After many years of diving deep into social theory and psychoanalysis, I feel that I have re-emerged at the other side of simplicity. So many things in life are simple. Never simple the way they explain to you though. Let's illustrate this with a couple of real-life examples.
Two recent events made a click somewhere in my brain. First, Tokyo winning a bid to stage Olympic games 100 miles from a leaking nuclear reactor on the seashore in a seismic zone. Second, the USA's manic sword-flailing in Syria. In both cases, the course of action pushed on by presumably responsible and educated grown-up men is not dangerous and destructive, but also counter-intuitive, counter-logical and irrational.
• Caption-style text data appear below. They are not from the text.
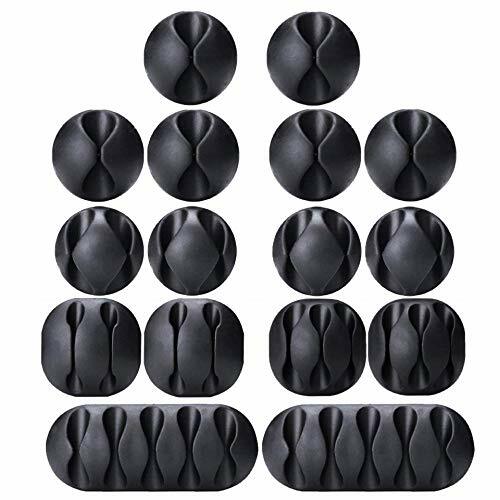 16 Pack Black Adhesive Cord Holders Clip,Ideal Cable Cords  for Organizing Cable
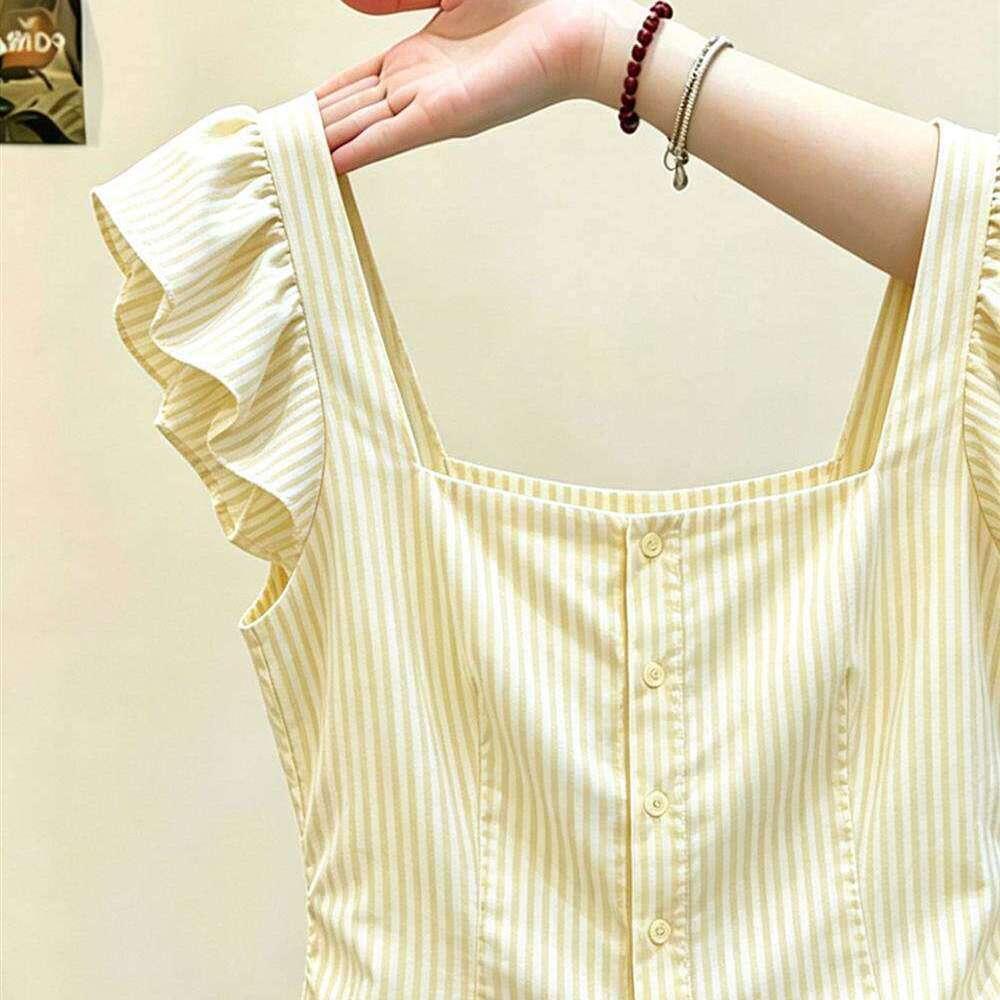 [Khuyến mãi trong thời gian có hạn] Áo sơ mi ngắn tay cổ vuông sọc vàng phong cách Hàn Quốc, mùa hè phong cách mới đi lại mặc áo có nút sang trọng độc đáo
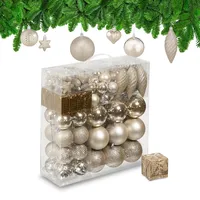 Relaxdays Weihnachtskugeln 110er Set, Kunststoff, Weihnachtsbaumdeko mit Kugeln &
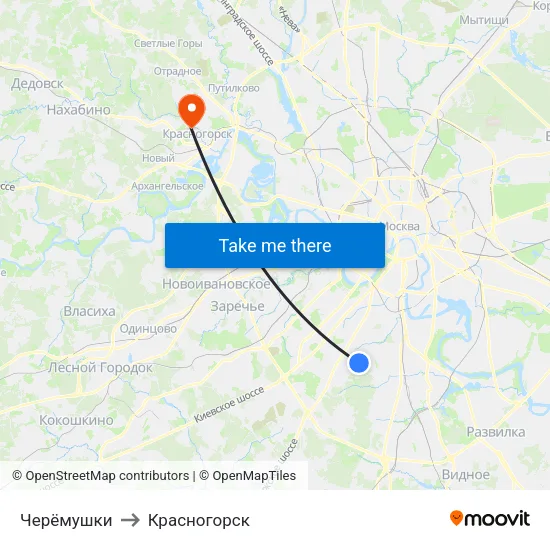 Черёмушки to Красногорск map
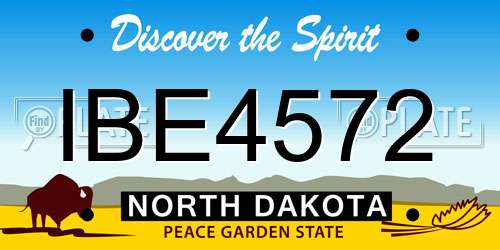 IBE4572 North Dakota License Plate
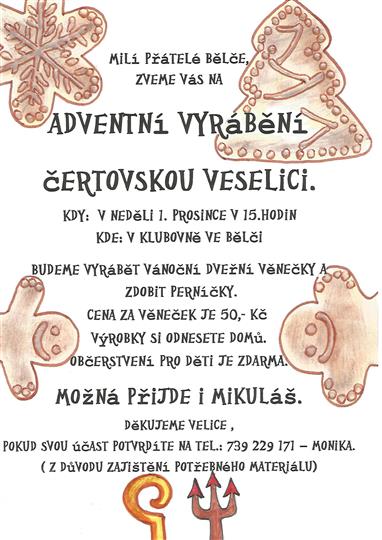 Advetní vyrábění a čertovská veselice v Bělči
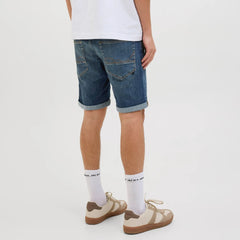 jack & jone regular fit stretchable brownish blue denim short for men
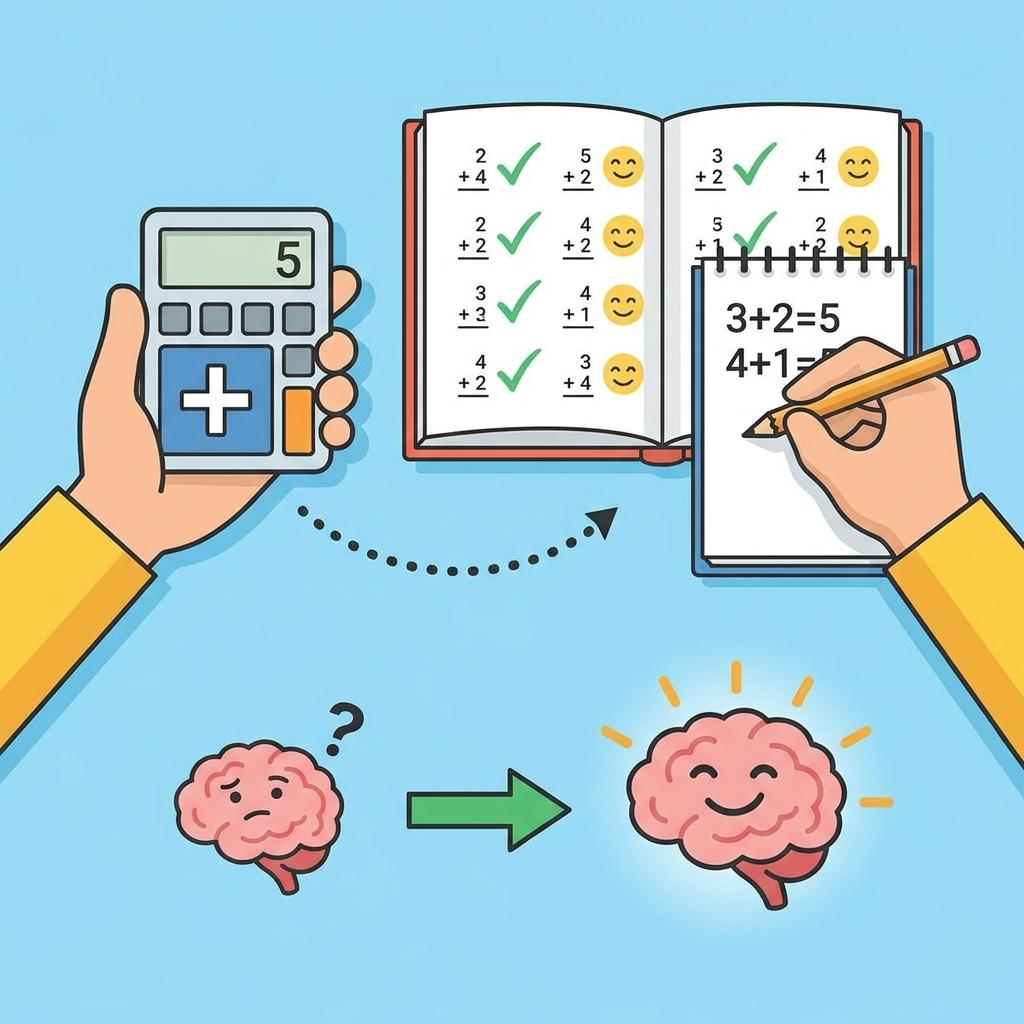 Online math calculator tool from ToolzDaily helping a student solve addition problems and improve mental clarity.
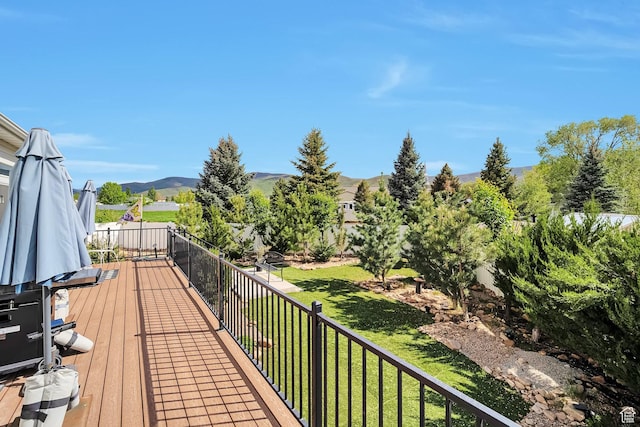 2178 S 60 E Unit 37, Heber City, UT 84032 - wooden terrace featuring a mountain view and a lawn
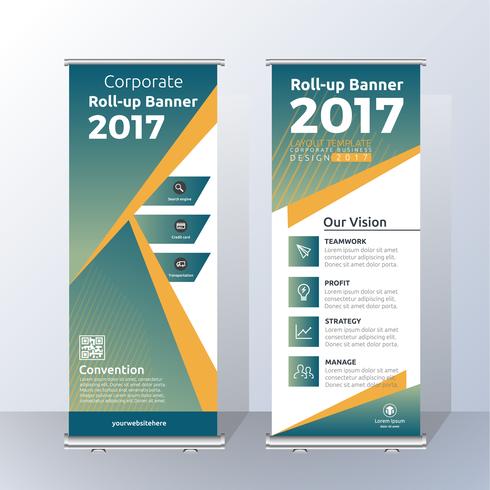 Vertical Roll Up Banner Template Design for Announce and Adverti vector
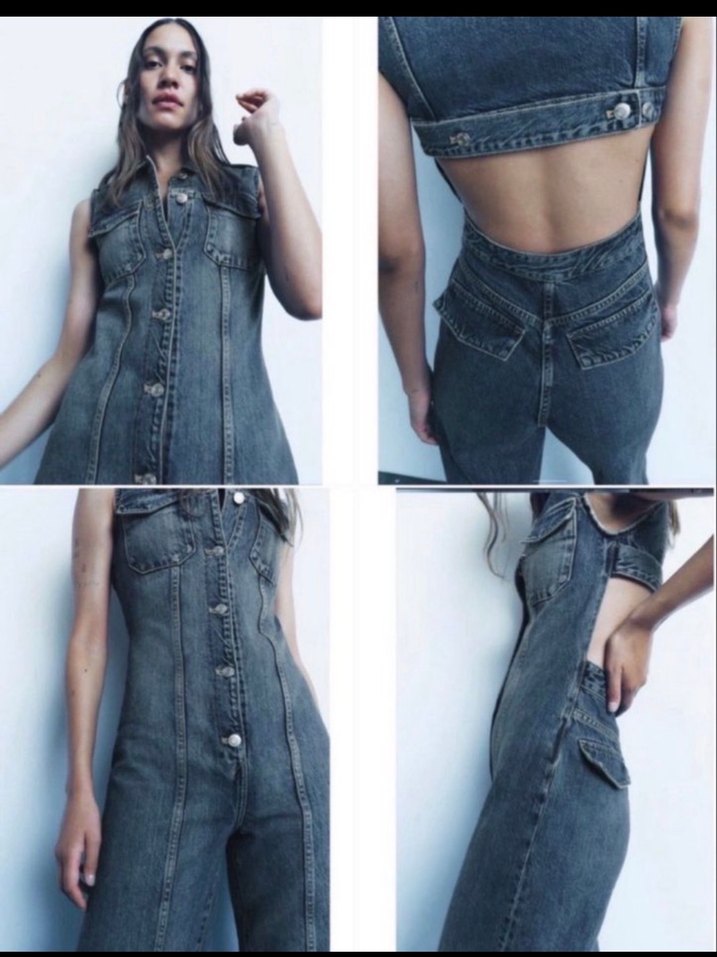 Zara denim kot tulum - Görsel 3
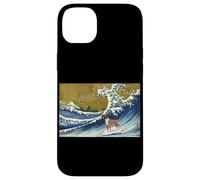 Funny Retro Vintage Surfing A Wave Boxer Dog Breed Lover Carcasa para iPhone 14 Plus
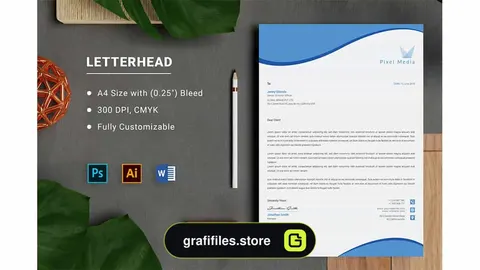 قالب آماده ورد سربرگ تجاری Business Letterhead Word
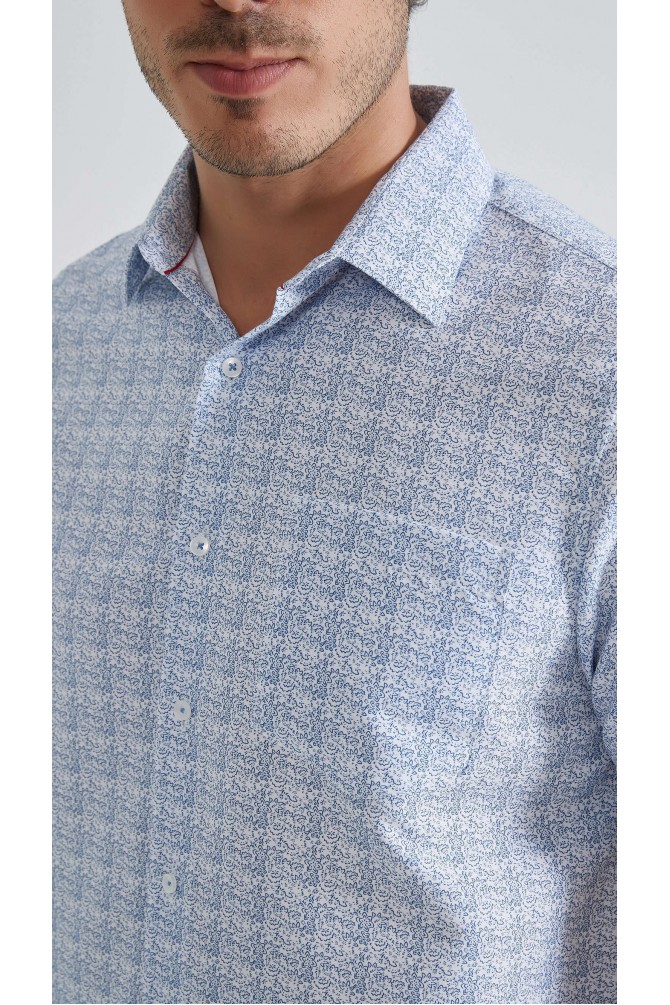 Patterned sleeveless shirt comfort fit - Blue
In fact, the word that lends itself the best here is satanic. Knowingly putting lives and livelihoods of millions of people in harm's way sure can't come across as anything but that.

I am not using "satanic" for the sake of a mere hyperbole though. Psychoanalytically, "satanic" implies coming from the Shadow aspect, which all humans have. In fact, it's part and parcel of who we are, albeit mostly unbeknownst to most of us. To what extent we are aware of it and to what extent we are able not to act on it, is in many ways dependent on the pressure society and culture put on us (Freud 1923). Empathy is one of those socially constructed personality traits. Children need to be taught empathy in a certain time window, lest they grow up to be inconsiderate and cruel. 

However, it is hardly ever perfect, the extent of the empathic function of the mind varies from individual to individual and is prone to  variation. Given a chance to be inconsiderate or cruel, most earthlings would act on their Shadow impulses. (When given free reign, earthlings go out of hand). Once empathy-free or empathy-light children grow up to occupy positions in power, especially unaccountable power, such as the top echelons of government, army or business, they  will  do exactly that: only this  time they won't tear fly's wings or torture a kitten, but choose a phallic display of power or a huge vanity project at the expense of  everyone else's good.

Although, for understandable reasons, we see mostly men doing that, the glass-ceiling-smashing career effort turns women into exactly that too, so these days we never run out of examples like Hilary Clinton, Christine Lagarde, Condoleeza Rice, or Dilma Roussef presiding matter-of-fact-like over mayhem and havoc.